Rapat di DPR, Anggota Fraksi PDIP Minta KPU Legalkan Politik Uang
JAKARTA, investortrust.id - Anggota Komisi II DPR dari Fraksi PDIP, Hugua meminta Komisi Pemilihan Umum (KPU) melegalkan politik uang atau money politics di Pilkada 2024. Menurut Hugua perlu dibuat aturan yang jelas dengan batasan nominal tertentu terkait politik uang.
Hal itu disampaikan Hugua dalam rapat kerja Komisi II DPR bersama KPU, Bawaslu, DKPP, dan Kementerian Dalam Negeri (Kemendagri) di ruang rapat Komisi II DPR, kompleks parlemen, Senayan, Jakarta, Rabu (15/5/2024).
"Bahasa kualitas pemilu ini kan pertama begini, tidakkah kita pikir money politics dilegalkan saja di PKPU dengan batasan tertentu?

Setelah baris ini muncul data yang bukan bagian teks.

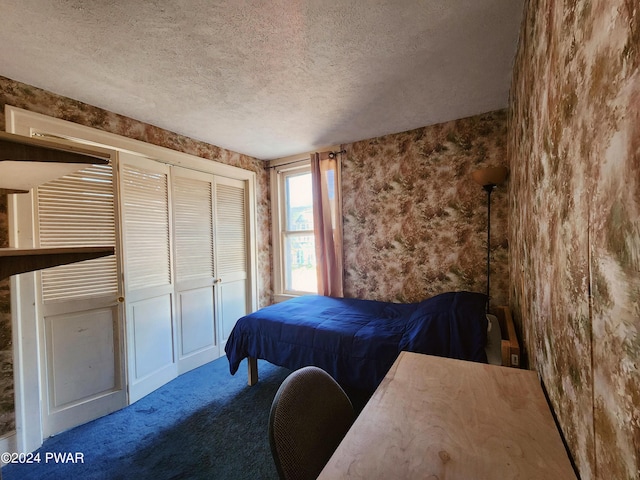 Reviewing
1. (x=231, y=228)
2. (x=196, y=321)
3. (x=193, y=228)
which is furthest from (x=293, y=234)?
(x=196, y=321)

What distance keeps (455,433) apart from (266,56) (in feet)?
6.53

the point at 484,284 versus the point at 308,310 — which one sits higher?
the point at 484,284

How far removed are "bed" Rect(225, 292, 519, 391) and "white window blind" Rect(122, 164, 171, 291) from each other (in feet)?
3.22

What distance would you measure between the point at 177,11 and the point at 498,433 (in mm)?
2101

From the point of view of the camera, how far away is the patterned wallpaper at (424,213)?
2449mm

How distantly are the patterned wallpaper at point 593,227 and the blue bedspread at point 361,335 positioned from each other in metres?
0.78

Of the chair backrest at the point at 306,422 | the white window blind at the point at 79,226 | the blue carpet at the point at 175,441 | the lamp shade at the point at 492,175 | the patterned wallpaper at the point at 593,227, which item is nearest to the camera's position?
the patterned wallpaper at the point at 593,227

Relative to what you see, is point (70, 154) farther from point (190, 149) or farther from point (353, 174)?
point (353, 174)

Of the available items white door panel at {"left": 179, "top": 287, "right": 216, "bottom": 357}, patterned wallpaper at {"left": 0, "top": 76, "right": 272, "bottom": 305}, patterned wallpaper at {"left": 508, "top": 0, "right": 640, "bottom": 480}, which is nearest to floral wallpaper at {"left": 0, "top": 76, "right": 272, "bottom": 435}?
patterned wallpaper at {"left": 0, "top": 76, "right": 272, "bottom": 305}

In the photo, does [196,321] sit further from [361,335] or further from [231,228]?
[361,335]

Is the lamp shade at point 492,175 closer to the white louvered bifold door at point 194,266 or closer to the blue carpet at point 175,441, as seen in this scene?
the blue carpet at point 175,441

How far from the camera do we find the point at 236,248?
11.1ft

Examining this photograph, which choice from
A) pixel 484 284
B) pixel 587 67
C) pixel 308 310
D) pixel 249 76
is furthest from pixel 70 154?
pixel 484 284

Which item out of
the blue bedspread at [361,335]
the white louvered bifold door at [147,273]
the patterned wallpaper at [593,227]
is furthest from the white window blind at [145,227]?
the patterned wallpaper at [593,227] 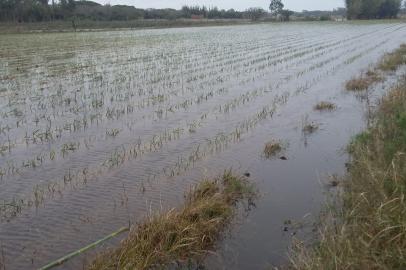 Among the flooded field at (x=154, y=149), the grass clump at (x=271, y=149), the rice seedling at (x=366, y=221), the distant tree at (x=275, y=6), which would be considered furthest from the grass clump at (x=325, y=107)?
the distant tree at (x=275, y=6)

Karena money politics ini keniscayaan, kita juga tidak (terpilih tanpa) money politics, tidak ada yang memilih, tidak ada pilih di masyarakat karena atmosfernya beda," kata Hugua dalam rapat yang disiarkan YouTube DPR RI.
Baca Juga
Gawat, Survei SMRC Sebut 90 Juta Pemilih Anggap Politik Uang Hal yang Wajar
Hugua menyebut money politics tidak dapat dielakkan dan sudah merupakan hal di masyarakat. Untuk itu, perlu aturan yang jelas dan tegas mengenai cost politik dan money politics dengan batasan nominal tertentu.
"Jadi kalau PKPU ini istilah money politics dengan cost politics ini coba dipertegas dan bahasanya dilegalkan saja batas berapa sehingga Bawaslu juga tahu kalau money politics batas ini harus disemprit, sebab kalau barang ini tidak dilegalkan, kita kucing-kucingan terus, yang akan pemenang ke depan adalah para saudagar," jelas Hugua.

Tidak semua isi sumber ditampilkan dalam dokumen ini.